Our client did not specify any particular requirements for their files or mastering levels, so I suggested we deliver a single stereo mix and component mixes of dialogue, sfx and music tracks, to which they agreed. We also agreed with them to mix these using the BBC technical guidelines for audio which seemed appropriate for a drama of this type. An alternative would be to mix for theatre’s, given the intention to potentially show the piece at film festivals,or to the technical specifications of an average film festival. However, few of the major festivals I researched (including BFI’s and Canne) offer any specific technical guidance on audio mix levels, and it is difficult to mix for a large room without calibrating your mix environment to do so, and I’m unsure of the calibration in the LSM Sound Theatre.

Though my colleagues were still dealing with some of the specifics of the construction of our audio later in the piece, I spent much of our final two days on the project master-mixing each scene up to these standards and finessing the transitions. Again, this is not an ideal situation but we’d set ourselves the personal deadline of end of play on Saturday 23rd January to have completed the construction and mix of our hand-in version of ‘George’.

SUPPMAT - BBC Guidelines

The BBC guidelines above informed the mix of ‘George’, along with a passing reference to the EBU R128 recommendations, also mentioned above. Each master auxiliary – music / dialogue / sfx / foley – had it’s own set of automated processing, which was generally lightly compressed and / or limited in some cases. This fed another gently compressed master bus compressor. I’ve tried to be careful with the compressors as George’s audio is very dynamic – some scenes have little in the way of loud action, others are much more heavily layered – creating a ‘blocky’ mix visually. I wanted to retain this dynamic artistically, because backed off atmospheres and near-silence helps maintain a sense of stillness in some scenes, but balance this with the technical requirements above, specifically that nothing peaks above 6 PPM, and that the focus points of the mix remain roughly within the levels above.

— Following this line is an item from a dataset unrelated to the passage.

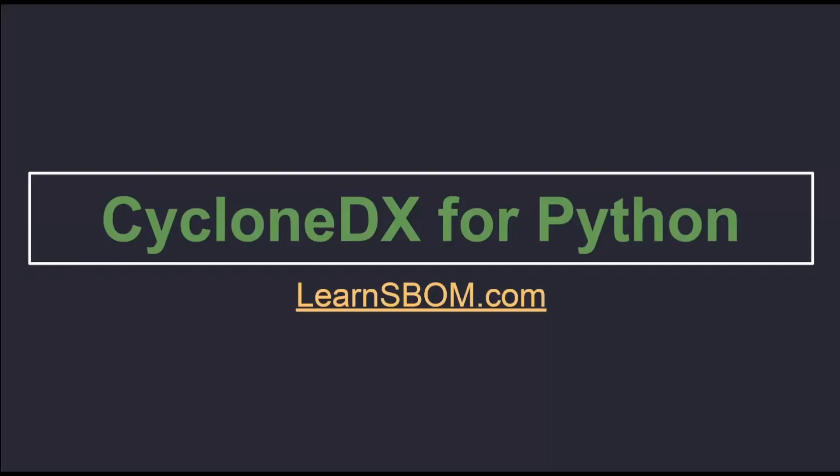Hi, my name is Derek Garcia and today I will be reviewing the CycloneDX for Python tool. CycloneDX for Python generates a software bill of materials for Python code according to the CycloneDX standard for SBOMs.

Here’s a visual representation of the music mix structure in protools, blue tracks are the music components, orange the aux subs, leading to the burgundy master fader –

IMG_0361 IMG_0362

The final point in this process came after mixdown, with a thorough mono / stereo check of the final stereo wav before the audio was delivered to the director.

– Circa 400 Words

 

Key Points –

Interaction with the director to discover delivery requirements –  Process Management

  • To successfully manage the audio team’s interaction with film’s director, editor and producer on a practical and creative level, and ensure the audio team’s work is delivered on time and to a good standard.
    Application of skills and conduct in production

Research and application of delivery standards in the mix – Contribution, Research

  • Comply with legal and ethical codes of conduct; health & safety regulations.
  • Assess the technical requirements of a production to inform the selection of appropriate tools, techniques and processes.
    Application of skills and conduct in production

Conducting the mix – Contribution

  • To manage the delivery of the soundtrack at various stages of the production along with relevant paperwork, to the director and producer.